Rory McIlroy has been the talk of the town since he won the US Open with a record-setting performance at Congressional Country Club, and with good reason. The kid is only 22 years old, plays with the calm demeanor of Jack or Tiger in their primes, but is just a nice young kid. More important, he’s cool. I mean, like canonically cool. He’s good looking. He’s got that big fluffy hair. He wears super cool Oakley sunglasses. Only, sometimes he doesn’t wear them. And, that’s where this story becomes all about me. When Rory doesn’t wear his Oakleys on his eyes, he wears them backwards and upside down on the back of his golf cap. Oh yeah, and when I’m playing golf and the sun goes behind the clouds, I also wear my ($9 Walmart) sunglasses upside down and backwards on MY golf cap. Rory does it because his sponsorship by Jumeirah Hotels requires that he never cover up their logo on the front of his cap. I wear mine that way because Rory does and….because I’m cool.

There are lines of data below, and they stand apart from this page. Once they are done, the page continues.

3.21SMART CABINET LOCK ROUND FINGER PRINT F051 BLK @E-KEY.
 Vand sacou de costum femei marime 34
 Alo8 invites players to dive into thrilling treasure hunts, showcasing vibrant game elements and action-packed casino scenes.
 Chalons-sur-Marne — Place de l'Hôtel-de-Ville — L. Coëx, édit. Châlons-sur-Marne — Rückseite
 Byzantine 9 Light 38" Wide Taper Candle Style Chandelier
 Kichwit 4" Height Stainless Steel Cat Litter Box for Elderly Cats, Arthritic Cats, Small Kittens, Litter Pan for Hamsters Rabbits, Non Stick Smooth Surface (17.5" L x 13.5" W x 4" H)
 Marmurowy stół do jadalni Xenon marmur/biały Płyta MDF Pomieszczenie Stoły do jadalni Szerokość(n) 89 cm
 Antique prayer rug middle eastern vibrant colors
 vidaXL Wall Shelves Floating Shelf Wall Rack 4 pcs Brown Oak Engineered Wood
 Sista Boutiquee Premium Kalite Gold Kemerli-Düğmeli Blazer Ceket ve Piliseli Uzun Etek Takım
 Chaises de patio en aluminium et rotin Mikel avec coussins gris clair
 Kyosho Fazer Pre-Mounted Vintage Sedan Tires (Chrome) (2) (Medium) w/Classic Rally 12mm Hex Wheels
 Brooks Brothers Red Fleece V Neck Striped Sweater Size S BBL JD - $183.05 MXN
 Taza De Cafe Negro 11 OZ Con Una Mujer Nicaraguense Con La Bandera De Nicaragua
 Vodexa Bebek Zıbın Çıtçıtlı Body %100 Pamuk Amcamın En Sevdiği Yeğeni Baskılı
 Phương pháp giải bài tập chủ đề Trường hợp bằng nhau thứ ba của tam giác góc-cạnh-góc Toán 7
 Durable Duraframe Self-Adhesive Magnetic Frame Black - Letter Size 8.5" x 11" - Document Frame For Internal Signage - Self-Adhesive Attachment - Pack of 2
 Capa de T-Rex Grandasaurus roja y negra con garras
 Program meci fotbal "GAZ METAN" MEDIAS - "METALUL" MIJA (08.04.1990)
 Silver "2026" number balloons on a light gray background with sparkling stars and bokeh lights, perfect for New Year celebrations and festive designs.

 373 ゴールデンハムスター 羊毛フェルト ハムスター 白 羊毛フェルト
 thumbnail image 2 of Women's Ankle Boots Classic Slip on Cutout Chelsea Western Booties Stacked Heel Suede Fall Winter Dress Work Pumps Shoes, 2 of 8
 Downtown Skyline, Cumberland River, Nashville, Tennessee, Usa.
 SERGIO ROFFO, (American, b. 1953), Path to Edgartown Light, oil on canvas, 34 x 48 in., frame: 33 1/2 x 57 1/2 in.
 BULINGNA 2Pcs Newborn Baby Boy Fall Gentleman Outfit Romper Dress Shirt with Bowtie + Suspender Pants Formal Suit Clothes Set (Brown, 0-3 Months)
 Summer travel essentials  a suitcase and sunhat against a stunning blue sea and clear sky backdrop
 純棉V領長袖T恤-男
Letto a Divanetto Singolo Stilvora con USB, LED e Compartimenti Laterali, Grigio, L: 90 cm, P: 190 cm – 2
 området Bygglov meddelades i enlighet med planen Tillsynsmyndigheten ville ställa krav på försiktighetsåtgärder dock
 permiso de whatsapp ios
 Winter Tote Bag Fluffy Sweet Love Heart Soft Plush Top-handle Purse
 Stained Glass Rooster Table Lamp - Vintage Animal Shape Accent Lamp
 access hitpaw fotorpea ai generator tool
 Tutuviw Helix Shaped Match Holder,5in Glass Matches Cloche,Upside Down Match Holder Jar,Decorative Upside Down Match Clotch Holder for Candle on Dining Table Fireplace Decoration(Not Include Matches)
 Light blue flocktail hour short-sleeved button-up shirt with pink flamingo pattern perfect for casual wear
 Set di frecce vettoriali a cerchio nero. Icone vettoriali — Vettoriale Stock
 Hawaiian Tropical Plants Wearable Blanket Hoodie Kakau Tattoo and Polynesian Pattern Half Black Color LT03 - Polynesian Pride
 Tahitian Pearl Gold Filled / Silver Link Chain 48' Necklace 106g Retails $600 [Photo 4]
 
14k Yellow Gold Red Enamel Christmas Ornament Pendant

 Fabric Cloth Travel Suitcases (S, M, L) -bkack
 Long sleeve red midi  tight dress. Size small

And, that’s really my point. OK, I’m not 22 anymore (though I can act like it on a moments notice), but I am only incrementally less cool than the average 22 year old. I feel like I need to make this case because my kids seem to think I’m not cool.
I took my son to a Nats game last weekend. Somehow the topic of my coolness came up. He said, “oh, you mean with your golf shirt tucked in and those ancient old man running shoes?” Whoa, slow down a sec. I don’t think this boy knows what uncool can mean for a parent. My own father was one of the most wonderful people I’ve ever known. I miss him every day of my life. And, in some very subtle ways, he was very cool. But, he was cool in the sense of really cool to hang out with, not in the Fonzie type of cool (shit, I’m pretty sure I just hurt my case for being cool by using a Happy Days reference, but onward ho). Example: when my dad played tennis with me as a teenager at the local high school, he would wear baby blue chinos with a white button down oxford shirt (sleeves rolled up above the elbow), black socks, and those blue sneakers (he never used the term tennis shoes, which was equally uncool) that you would only wear to the yacht club. THAT, my friends, is uncool.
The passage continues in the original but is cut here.